God: Do you trust Me?
That’s a question God had asked me before, and if I’m totally honest, it wasn’t my favorite question. But He was asking me this question once again as I sat in the waiting lounge of the US embassy applying for a student visa.
My application had been rejected a few weeks prior to this and I was applying for the second time. I sat there stressed out of my mind begging God to open the doors for me so I could finally begin my studies. And then He asked me the dreaded question “do you trust me?” My immediate response was “God I’m afraid to answer that question because knowing You, as soon as I say yes my visa will be rejected and I don’t want that” but His only response was the same question “do you trust Me?”. Eventually I said yes, while Francesca Battistelli’s sang her heart out on my Mp4:
“I’m letting go of the life I’ve planned for me, and my dreams. I’m losing control of my destiny, it feels like I’m falling and that’s what it’s like to believe”.
I went in for my interview and you guessed it, my application was rejected once again. But this time something was different, I was different. Was I happy about the outcome? No, not at all. But this time I didn’t fall apart like I did the first time. I was unhappy but I had peace.

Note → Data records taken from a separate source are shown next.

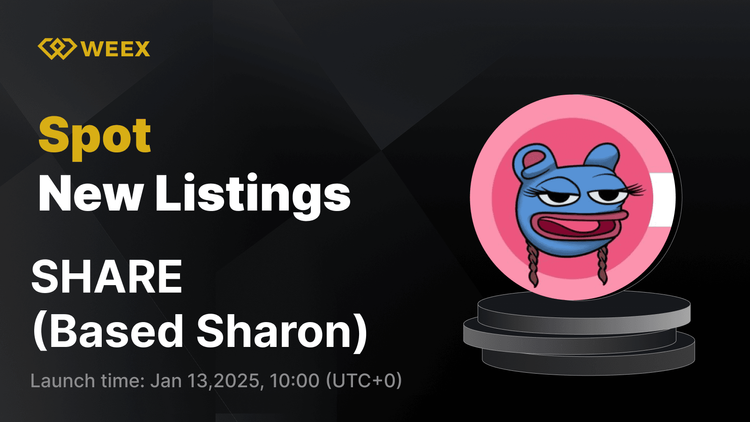 WEEX Niêm yết mới: Based Sharon (SHARE) sẽ được niêm yết trên WEEX Spot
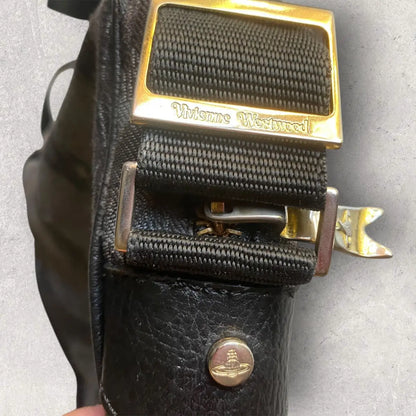 Vivienne Westwood - Black Jacquard Leopard Cross body Bag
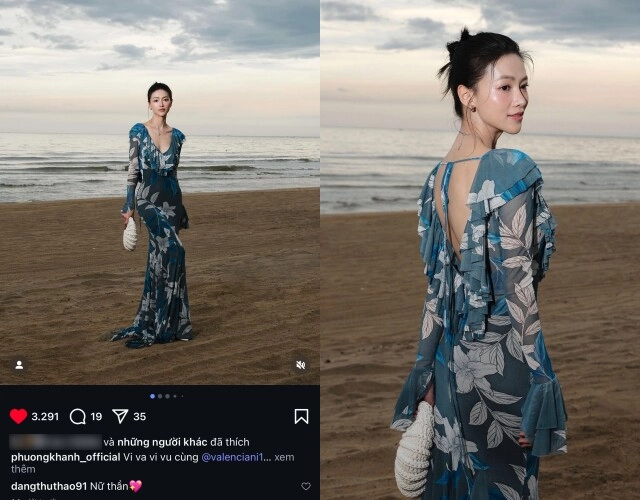 Hoa hậu diện váy xuyên thấu thả dáng trước biển nhan sắc thế nào mà đặng thu thảo phải thốt lên nữ thần - 1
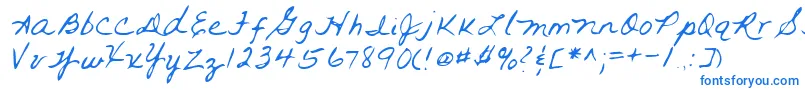 Czcionka Lehn093 – niebieskie czcionki na białym tle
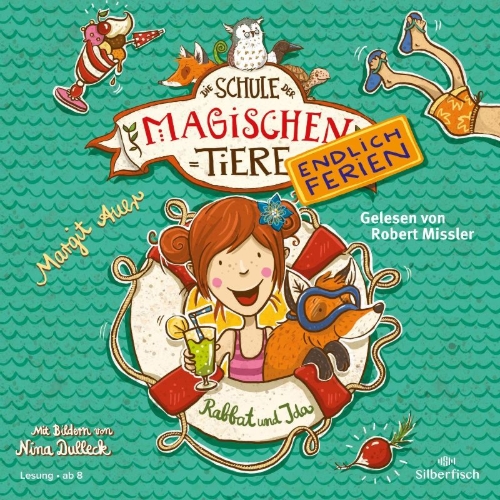 Buchcover und Innenansicht für das Buch: Die Schule der magischen Tiere - Endlich Ferien 1 - Rabbat und Ida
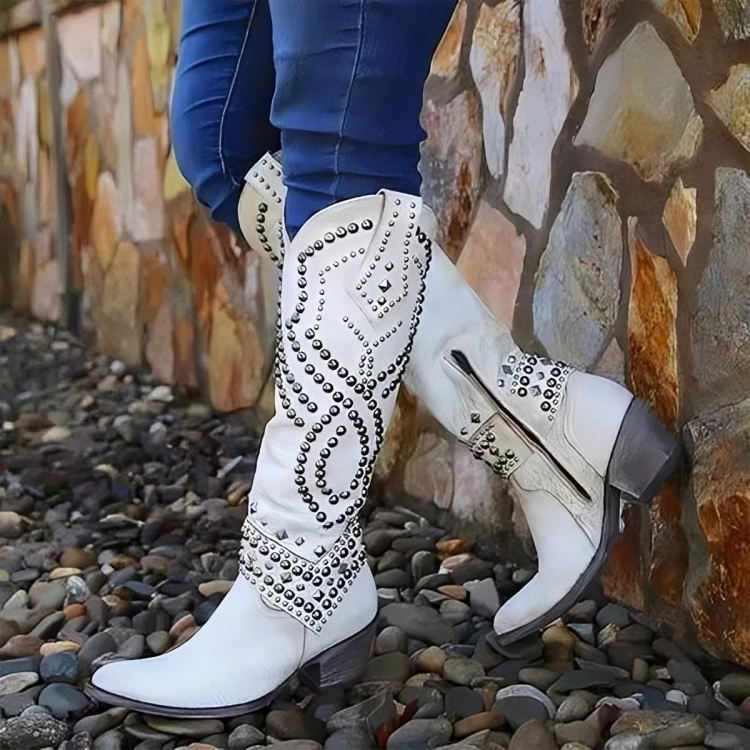 Lori | Western Knee-High Boots
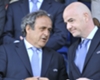 UEFA president Michel Platini and general secretary Gianni Infantino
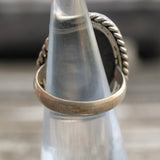 Vintage Sterling Jasper Ring 4.25
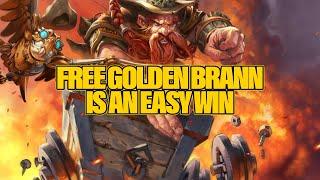 The Game Is Already Easy And Then We Get a Free Golden Brann | Dogdog Hearthstone Battlegrounds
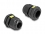 Delock Cable Gland M20 with ventilation IP68 dust and waterproof black 2 pieces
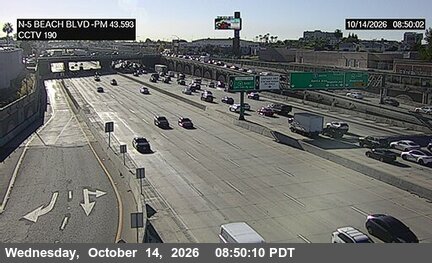 I-5 north of Beach Boulevard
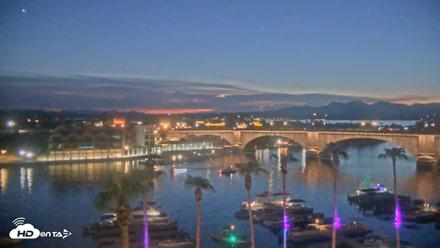 Lake Havasu London Bridge Live Webcam - Aug 21, 2026, 7:54pm MST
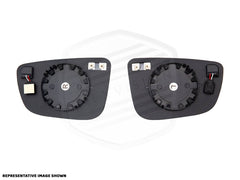 Kies-Motorsports AutoTecknic USA ApexVision Blue Tinted Side View Mirror Glass Set - E82/ E88 1-Series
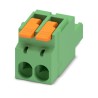 Phoenix Contact Pluggable Terminal Block, 2-Contact, 5.08 mm Pitch, 1 Row, Push-in Connection, 16 A, 320 V 1110581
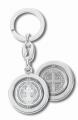  St. BENEDICT SILVER PLATED KEY RING (3 PC) 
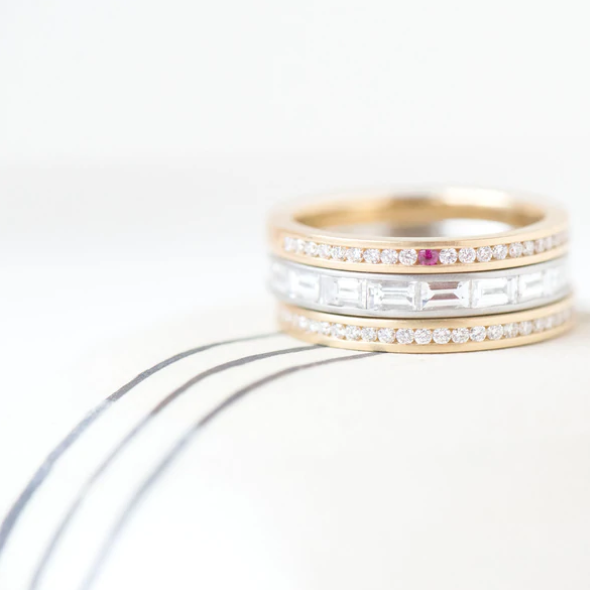 Baguette Diamond Band - Magpie Jewellery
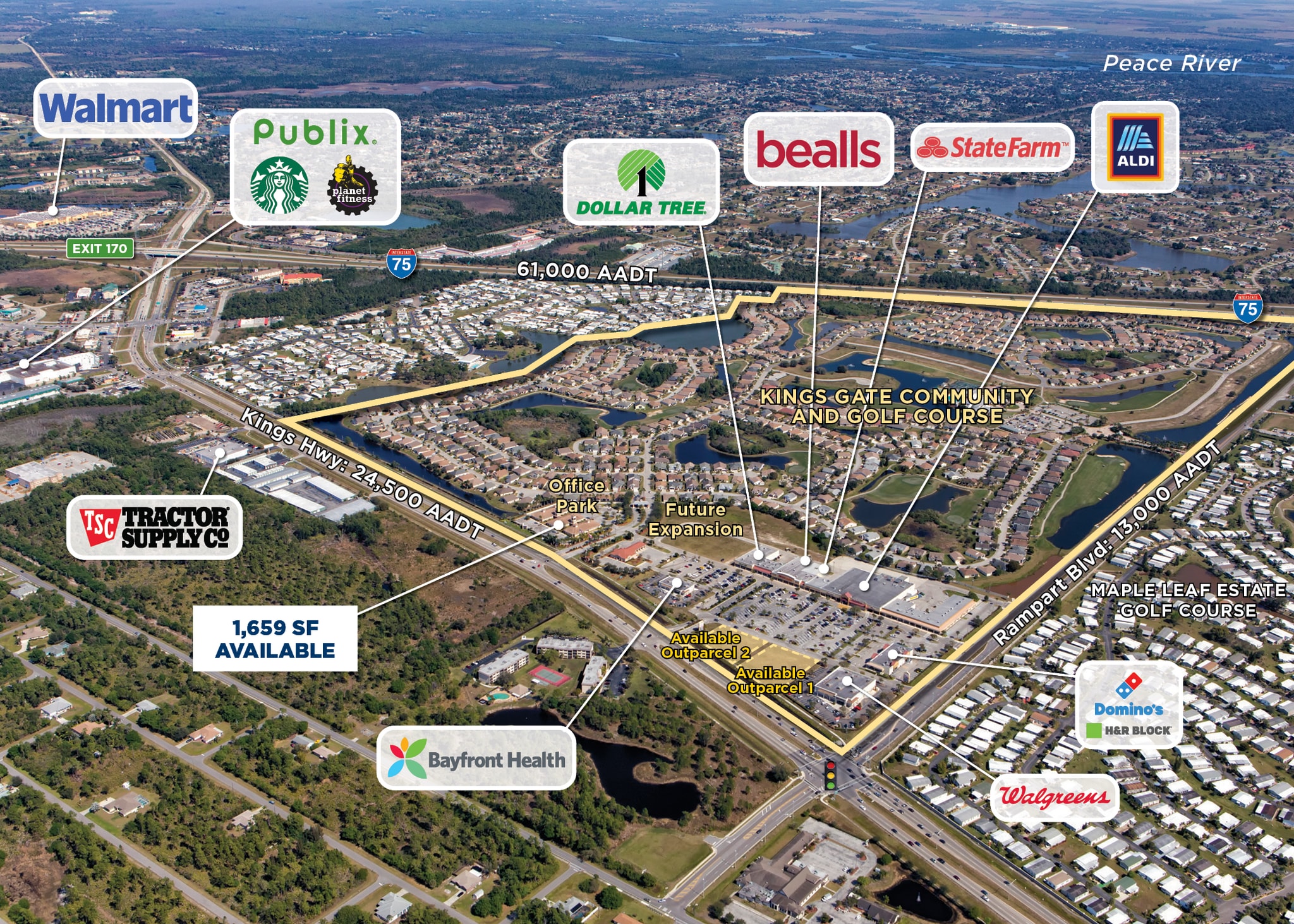 1504 Kings Hwy, Port Charlotte, FL for lease Building Photo- Image 1 of 1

The very same day my dad suggested I apply in Malaysia and I thought I might as well try and long story short I got in. Granted there have been bumps along the way but looking back now I am so grateful I came here. Not only did I find a church that has become my family, I met lifelong friends who build me up and cheer me on, I found my purpose and most importantly I grew closer to God in ways I never thought possible.
And then God asks me again “do you trust Me” and I say yes. Guess what happens? I get another rejection from a university I had wanted to go to for a long time and rejected yet again from my second alternative and to add salt to an injury people I was praying to get a breakthrough in that area get it. Just as I was about to begin my own version of Lamentations God asks “do you still trust Me? You gave me your life to do whatever I want with it” and then I am reminded of a similar scenario four years ago and the fruit of that fateful moment. Then God says to me “do you think I would bring you this far for nothing?” of course my answer was no.
So just like I had done years ago, I surrendered to God and said “Yes Daddy I trust you” and a peace I can’t explain swept over me. As Kari Job sang out from my spotify playlist:
“Even when it hurts, even when it’s hard.
Even when it all just falls apart.
I will run to You because I know that You are,
Lover of my soul healer of my scars.
You steady my heart.
I’m not gonna worry, I know that You’ve got me.
Right inside the palm of Your hands.”
Do I still feel hurt? Yes, but I know God is working on my behalf. I want to encourage you, if you are going through something and it feels like you are at the end of your rope with no hope in sight Jeremiah 29:11 says God’s plans for us are good and His plans give us a hope and future, even when it hurts rest in Him.
“Trust in the Lord with all your heart, and lean not on your own understanding. In all your ways acknowledge Him and He will direct your path.”